Work to be completed: The material below is to be copied exactly from the line with "As a result" up to and including the line with "assistir futebol ao vivo sem virus", with nothing else kept and no pictures.

Input material:
▬▬▬▬▬▬▬▬▬▬

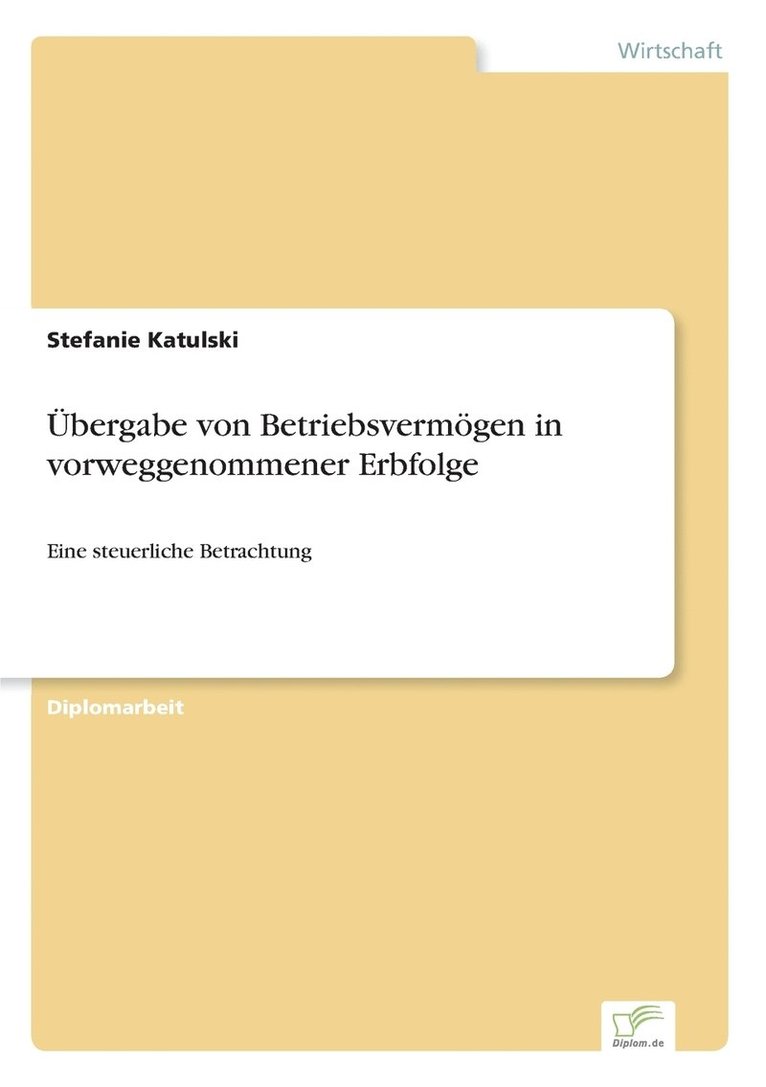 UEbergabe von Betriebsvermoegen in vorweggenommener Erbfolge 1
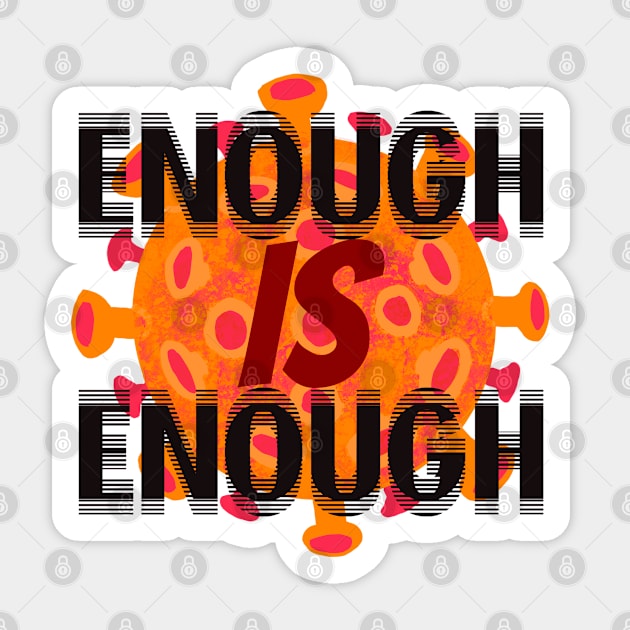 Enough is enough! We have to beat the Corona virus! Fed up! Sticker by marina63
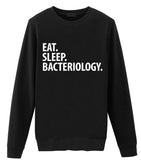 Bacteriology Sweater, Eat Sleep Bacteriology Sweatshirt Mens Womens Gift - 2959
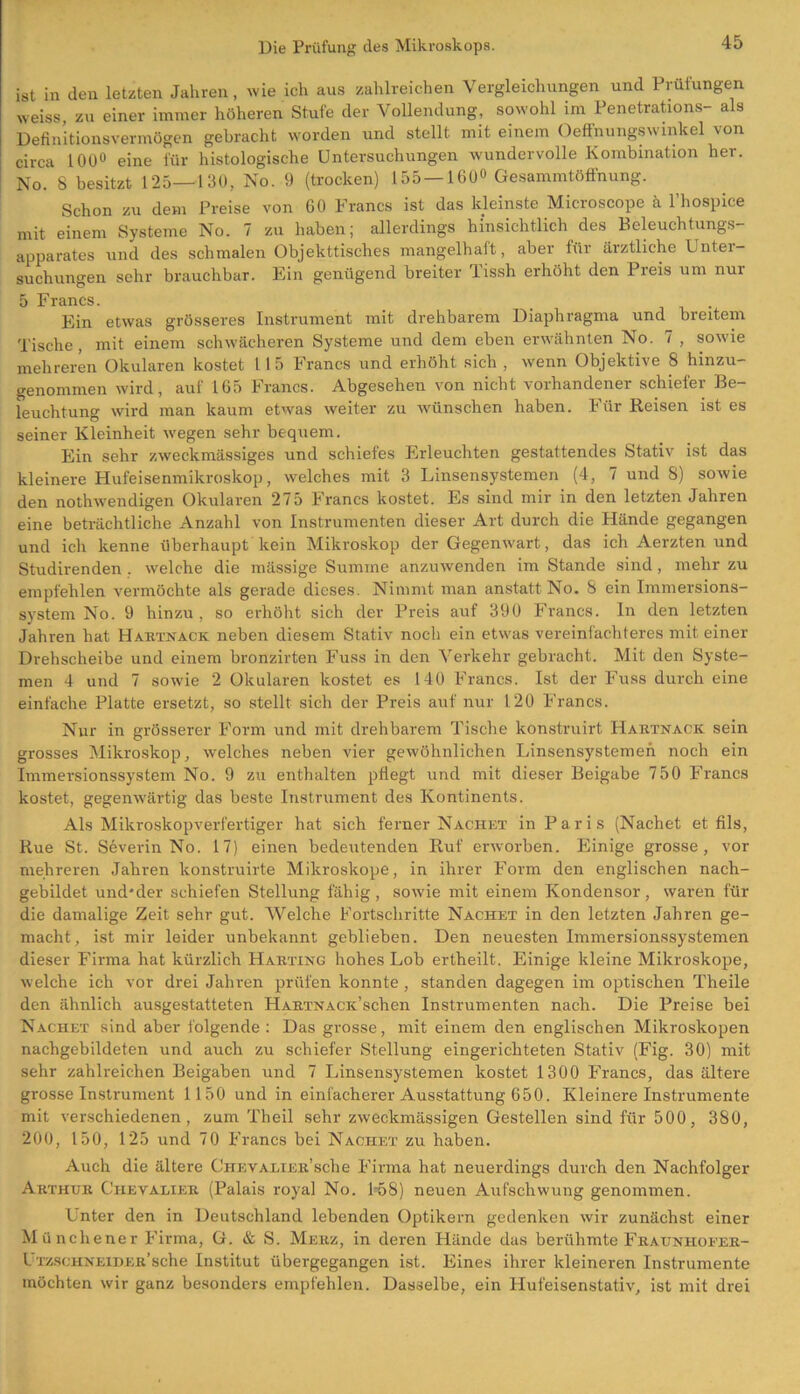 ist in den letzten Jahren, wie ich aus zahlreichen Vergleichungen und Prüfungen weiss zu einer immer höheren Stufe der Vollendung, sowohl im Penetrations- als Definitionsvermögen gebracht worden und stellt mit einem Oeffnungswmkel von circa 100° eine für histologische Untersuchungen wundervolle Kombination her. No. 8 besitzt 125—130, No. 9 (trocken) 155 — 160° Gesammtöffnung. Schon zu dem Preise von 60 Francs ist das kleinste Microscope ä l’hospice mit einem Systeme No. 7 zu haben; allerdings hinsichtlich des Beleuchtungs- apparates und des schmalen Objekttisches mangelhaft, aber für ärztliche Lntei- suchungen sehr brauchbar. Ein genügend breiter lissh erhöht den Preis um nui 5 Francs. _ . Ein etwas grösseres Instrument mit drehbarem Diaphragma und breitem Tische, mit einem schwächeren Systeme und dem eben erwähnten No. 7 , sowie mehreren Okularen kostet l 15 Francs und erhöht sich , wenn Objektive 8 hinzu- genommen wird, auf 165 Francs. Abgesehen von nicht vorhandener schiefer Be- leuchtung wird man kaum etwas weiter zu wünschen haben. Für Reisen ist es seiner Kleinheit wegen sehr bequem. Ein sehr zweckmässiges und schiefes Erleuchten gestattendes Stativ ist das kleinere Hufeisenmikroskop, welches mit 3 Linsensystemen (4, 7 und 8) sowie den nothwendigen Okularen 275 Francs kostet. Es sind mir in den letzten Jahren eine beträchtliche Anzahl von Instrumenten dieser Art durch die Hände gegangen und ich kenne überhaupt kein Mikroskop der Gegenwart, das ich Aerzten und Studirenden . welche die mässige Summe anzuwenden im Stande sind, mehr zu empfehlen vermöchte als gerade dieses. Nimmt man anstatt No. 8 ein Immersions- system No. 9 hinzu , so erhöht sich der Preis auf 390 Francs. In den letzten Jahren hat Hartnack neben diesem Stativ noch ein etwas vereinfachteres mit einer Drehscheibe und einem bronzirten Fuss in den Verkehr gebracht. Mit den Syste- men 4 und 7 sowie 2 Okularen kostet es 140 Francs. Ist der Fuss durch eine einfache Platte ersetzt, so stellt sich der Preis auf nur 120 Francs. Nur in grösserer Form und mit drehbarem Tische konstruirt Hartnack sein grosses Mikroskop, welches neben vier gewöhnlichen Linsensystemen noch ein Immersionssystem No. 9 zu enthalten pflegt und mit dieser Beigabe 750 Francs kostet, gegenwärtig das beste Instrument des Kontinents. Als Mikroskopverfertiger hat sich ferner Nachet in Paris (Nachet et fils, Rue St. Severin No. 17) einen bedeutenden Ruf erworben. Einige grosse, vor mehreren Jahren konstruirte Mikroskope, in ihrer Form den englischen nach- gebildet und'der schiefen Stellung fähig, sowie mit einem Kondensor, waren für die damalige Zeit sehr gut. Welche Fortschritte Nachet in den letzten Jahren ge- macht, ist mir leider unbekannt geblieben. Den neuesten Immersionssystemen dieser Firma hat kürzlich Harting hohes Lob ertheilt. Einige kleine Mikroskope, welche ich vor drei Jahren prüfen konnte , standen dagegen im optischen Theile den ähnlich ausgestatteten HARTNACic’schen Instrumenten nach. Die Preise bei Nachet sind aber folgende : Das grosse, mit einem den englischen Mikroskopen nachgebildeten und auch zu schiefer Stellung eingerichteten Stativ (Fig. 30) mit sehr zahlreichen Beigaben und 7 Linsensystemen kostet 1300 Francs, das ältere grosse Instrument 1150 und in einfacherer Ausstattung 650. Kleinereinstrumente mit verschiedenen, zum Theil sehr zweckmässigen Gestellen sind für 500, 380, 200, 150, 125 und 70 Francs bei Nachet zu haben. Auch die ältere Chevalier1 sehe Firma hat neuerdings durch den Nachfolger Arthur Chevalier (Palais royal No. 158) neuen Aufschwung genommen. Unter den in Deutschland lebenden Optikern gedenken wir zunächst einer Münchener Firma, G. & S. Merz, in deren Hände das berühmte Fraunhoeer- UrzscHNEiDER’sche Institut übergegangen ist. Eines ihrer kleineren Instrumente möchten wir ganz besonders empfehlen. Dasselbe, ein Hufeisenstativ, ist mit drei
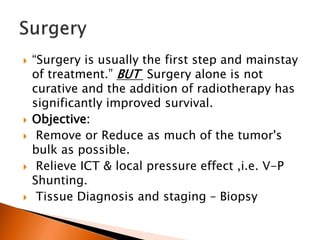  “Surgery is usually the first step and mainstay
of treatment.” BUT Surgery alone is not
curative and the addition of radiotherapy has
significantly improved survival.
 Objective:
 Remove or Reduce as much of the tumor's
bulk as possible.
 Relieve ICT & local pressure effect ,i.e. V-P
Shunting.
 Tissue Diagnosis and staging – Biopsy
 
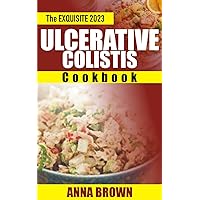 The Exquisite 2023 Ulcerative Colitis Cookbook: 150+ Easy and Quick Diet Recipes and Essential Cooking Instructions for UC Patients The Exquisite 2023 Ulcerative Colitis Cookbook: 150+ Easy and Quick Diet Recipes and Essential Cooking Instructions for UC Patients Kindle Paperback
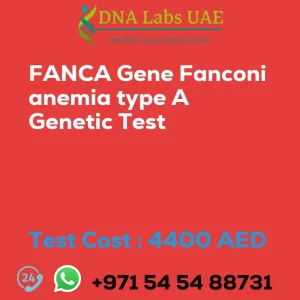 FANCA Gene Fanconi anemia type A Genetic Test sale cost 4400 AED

▬▬▬▬▬▬▬▬▬▬

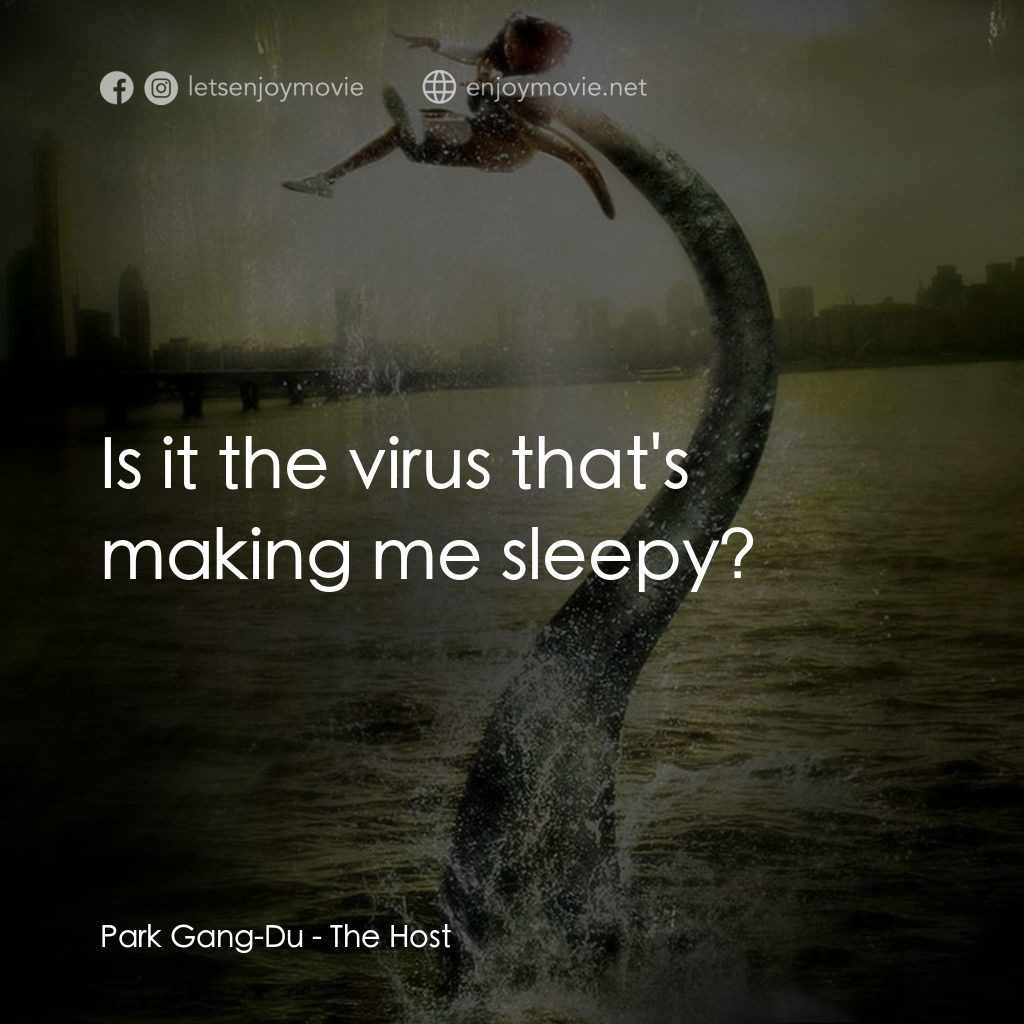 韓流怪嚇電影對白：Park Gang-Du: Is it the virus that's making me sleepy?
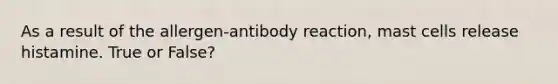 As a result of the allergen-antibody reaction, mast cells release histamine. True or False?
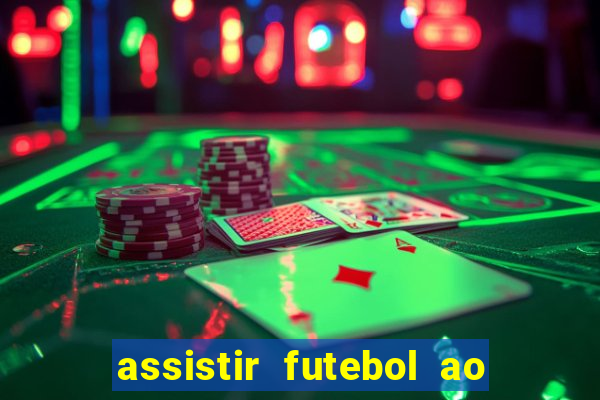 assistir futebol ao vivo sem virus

▬▬▬▬▬▬▬▬▬▬

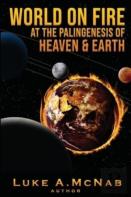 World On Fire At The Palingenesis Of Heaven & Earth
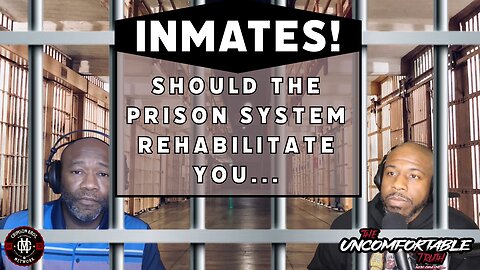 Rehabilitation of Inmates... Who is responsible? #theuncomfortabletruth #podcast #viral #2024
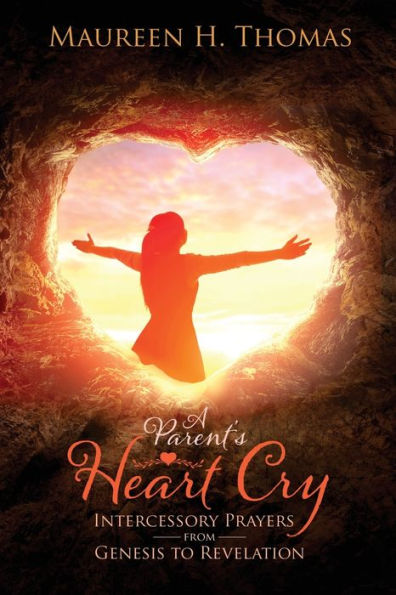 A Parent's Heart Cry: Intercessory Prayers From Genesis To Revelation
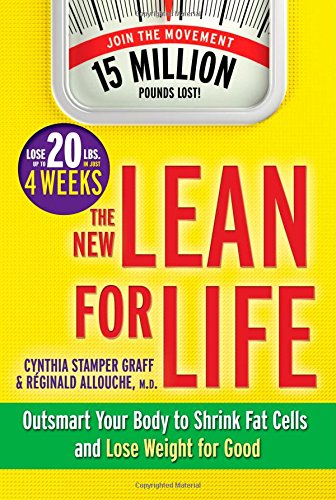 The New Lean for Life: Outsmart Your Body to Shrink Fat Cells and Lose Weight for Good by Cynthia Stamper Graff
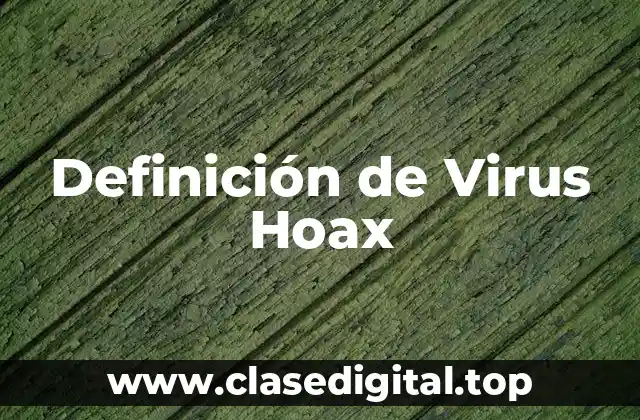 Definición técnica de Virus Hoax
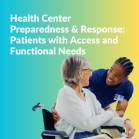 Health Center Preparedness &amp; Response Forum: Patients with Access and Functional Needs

▬▬▬▬▬▬▬▬▬▬

Solution for this problem:
 As a result of the allergen-antibody reaction, mast cells release histamine. True or False?
 assistir futebol ao vivo sem virus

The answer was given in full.